» **PROVIDED MATERIAL**:
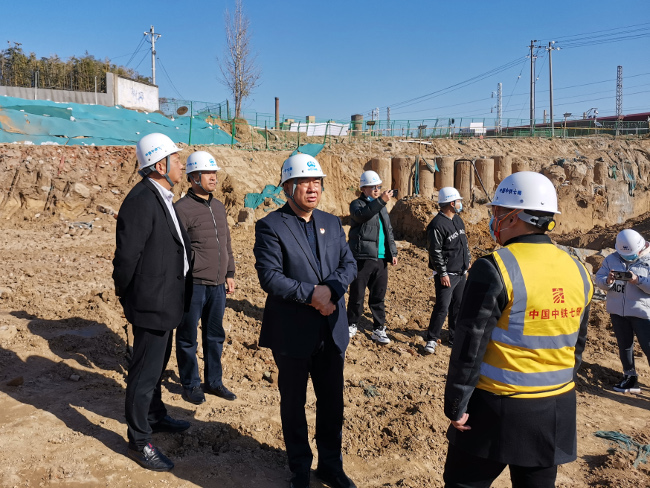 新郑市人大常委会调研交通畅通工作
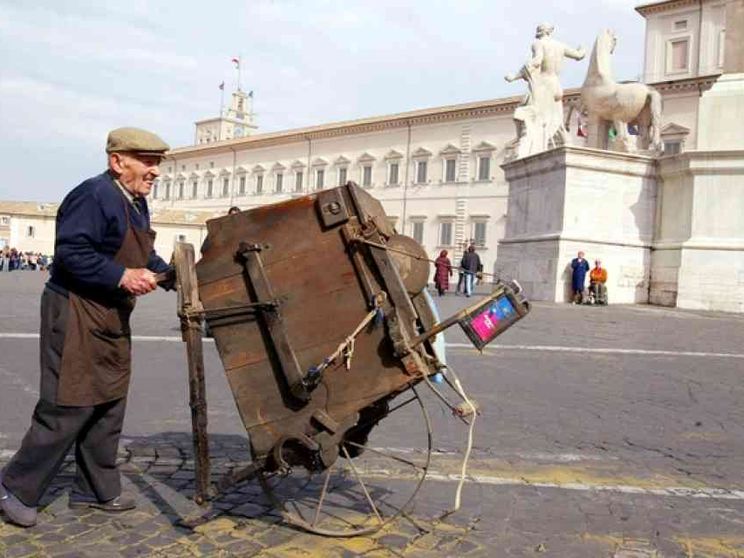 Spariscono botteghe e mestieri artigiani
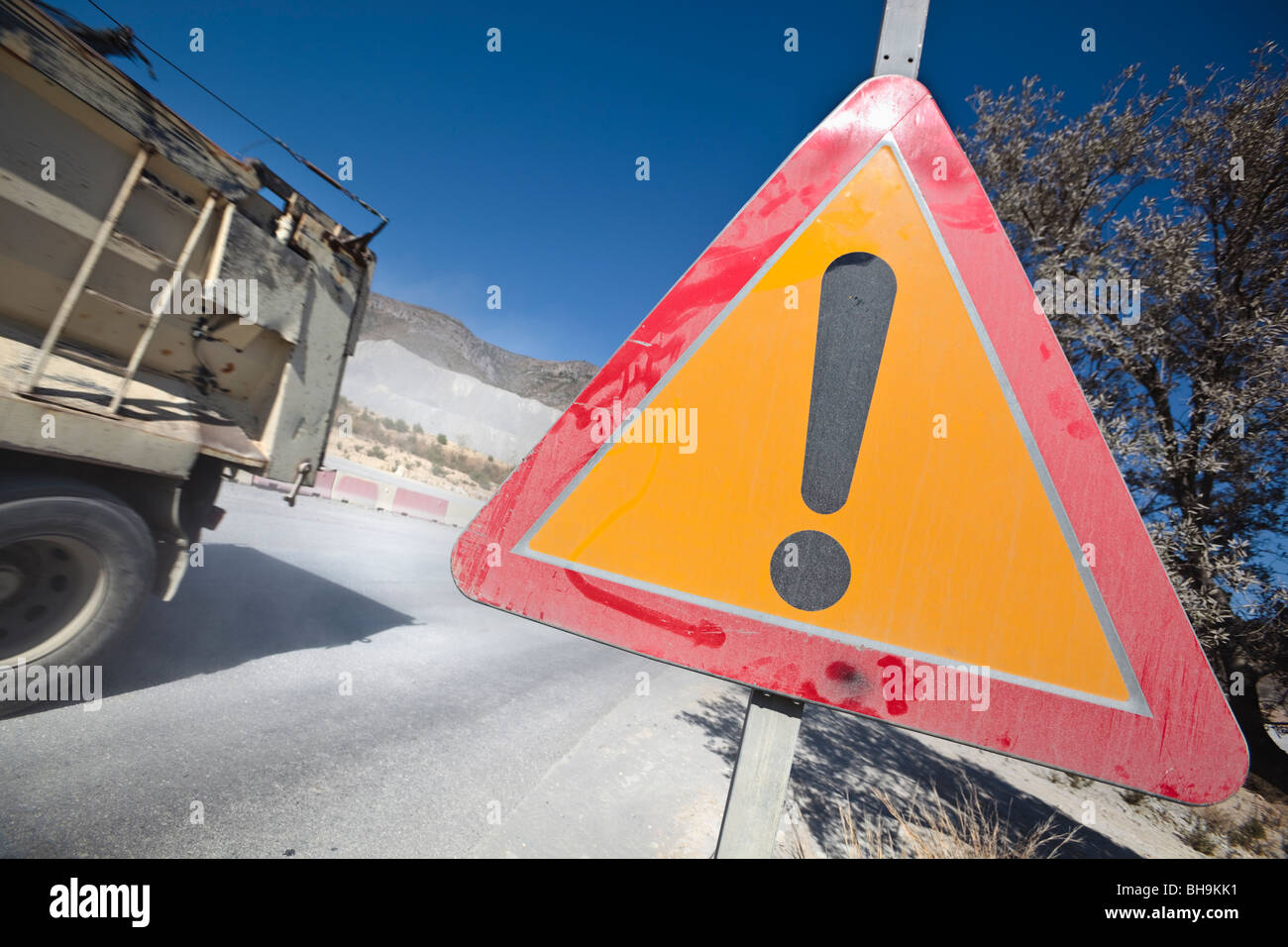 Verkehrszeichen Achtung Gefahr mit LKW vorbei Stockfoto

» **PROBLEM DESCRIPTION**: Your copy must repeat the data word for word and show none of its images.

» **ANSWER BOX**:
 新郑市人大常委会调研交通畅通工作
 Spariscono botteghe e mestieri artigiani
 Verkehrszeichen Achtung Gefahr mit LKW vorbei Stockfoto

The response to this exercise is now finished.